For his part, Grzybowski said the expectation of a 4 Tcf storage figure this injection season is already reflected in current pricing. “There’s no one, really, that is not expecting for us to hit that level,” so “no matter what happens to the number,” whether it’s a little higher or a little lower, the impact on prices will probably be limited, he said.

As for when storage arbitrage might make a comeback, gas-electric harmonization is likely to fundamentally change how storage is valued moving forward, according to Sherwood.

“As the market continues to evolve around how we serve electric generation, the physical needs of the system to serve that kind of load are meaningfully different than the traditional kind of loads that the gas system has served,” he said. With electric generation bringing hourly changes in demand compared to the daily cycles in the gas market, “storage again plays an important factor in helping to bridge that physical operating gap.

“I would say in three to five years you’re going to see storage be much more valued than it has been for the last three to five years,” though “to extract value out of storage, you’re probably going to have to work harder in the future,” he said.

Steve Henderson, CFO of Patriots Energy Group, said storage arbitrage will be more situational moving forward, with more balance between summer and winter pricing as hot weather drives summer power burn.

“I’m not sure we’re going to see the return to the [$1.20 spreads] that we saw a few years ago, but it’ll be there from time to time based on certain weather patterns and electrical usage in the summer,” Henderson said.

The gas buyers also weighed in on they see LNG exports changing the market.

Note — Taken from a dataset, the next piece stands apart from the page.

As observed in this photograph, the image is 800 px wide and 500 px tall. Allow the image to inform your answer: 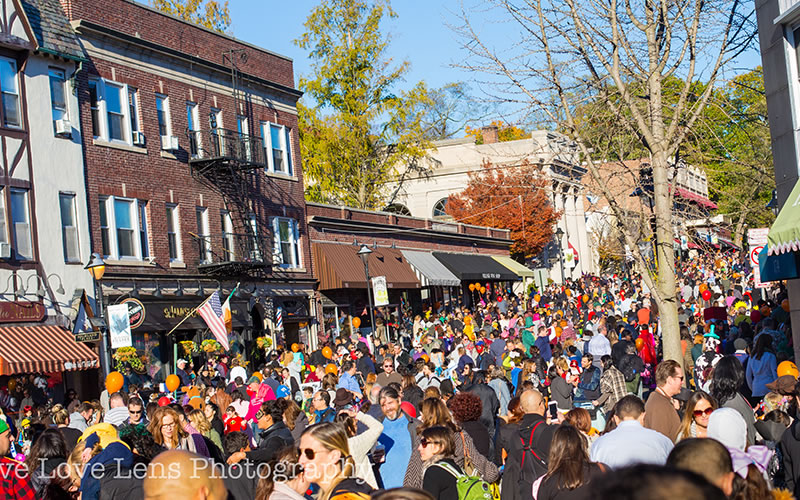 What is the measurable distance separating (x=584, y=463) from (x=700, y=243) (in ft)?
30.6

Sherwood said he’s seen forecasts of 6-10 Bcf/d of LNG exports as projects come online over the next few years. Low prices should “certainly push us more towards the higher end of that range,” he said, adding that he doesn’t think “it’s going to have much of an impact on the market price of gas” in the United States.

“There’s just so much potential production out there. You hear about how much production has been ratcheted down. The reality is, to get that production ratcheted back up really doesn’t take that much,” Sherwood said.

Henderson said he expects exports to Mexico to have a bigger impact on the market than LNG.

Grzybowski offered a different take, saying LNG has “the potential to really change the supply/demand imbalance that currently is favoring shale supply keeping prices down, because the big issue, a big concern for me is, what will the LNG export world look like in a few years? Is it going to be 10 Bcf/d? Is it going to be 15-20 Bcf/d?”

He added, “Until we really know over the next two to five years what exports really end up being, I’m [going to be] a little more conservative in thinking it could have more of an impact on pricing.”

Still, even as variables surrounding LNG export volumes have some anticipating more volatility in the market, Sherwood said he could envision LNG terminals helping to ease supply disruptions in certain situations.

“People talk about, and I understand the logic behind it, that LNG exports might add to volatility, but in a way, if you think about it, to some extent they could be a mitigating factor with volatility. Sometimes, particularly the kind of volatility … caused by a short-term dent associated with a constraint,” Sherwood said. “If you’ve got a lot of LNG coming down” to a nearby terminal for export, “the ability to defer that gas for a day or two for another use and not impact…future export market needs could actually result in there being some supply liquidity in an area where there wouldn’t otherwise be.”